Before this block can be added to the blockchain, the miners must solve a complex mathematical problem that is designed to be difficult to solve. This problem is called the “proof-of-work” and it requires a lot of computational power to solve. Once a miner solves the problem, they broadcast the solution to the network and the other miners will check to make sure it is correct.
If the solution is correct, the block is added to the blockchain and the transactions within it are confirmed. This process is called “mining” and it is the way that new blocks are added to the blockchain. The miner who solves the proof-of-work is rewarded with a certain amount of the cryptocurrency being used on the network (in this case, Bitcoin).

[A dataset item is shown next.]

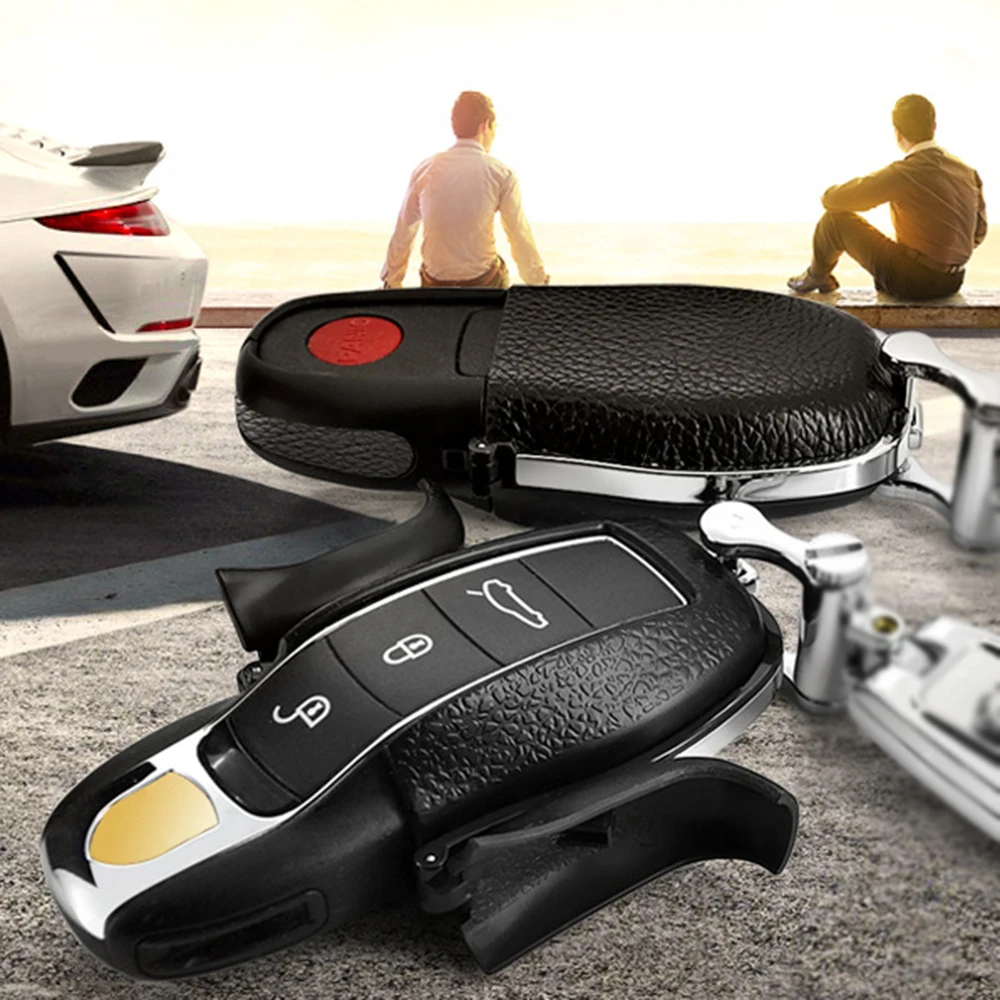 Чехол для ключа из абс + Кожи с дистанционным управлением чехол сумки брелок Porsche
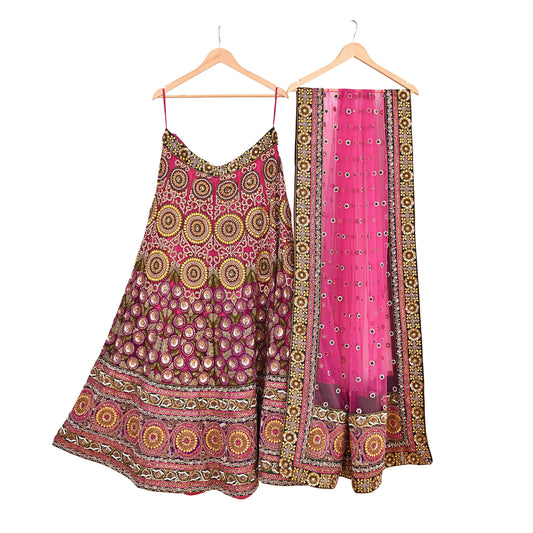 Indian Heavy Wedding Pink Net/Mesh Hand Embroidered Lehenga 2pcs Set Designer By Manish Malhotra Party Wear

Proof-of-work blockchains are considered to be very secure because they require a lot of computational power to add new blocks to the blockchain. This means that it would be very difficult for someone to manipulate the blockchain or add fake transactions because they would need to have a lot of computational power to solve the proof-of-work.
Some examples of proof-of-work blockchains include Bitcoin, Ethereum, and Litecoin.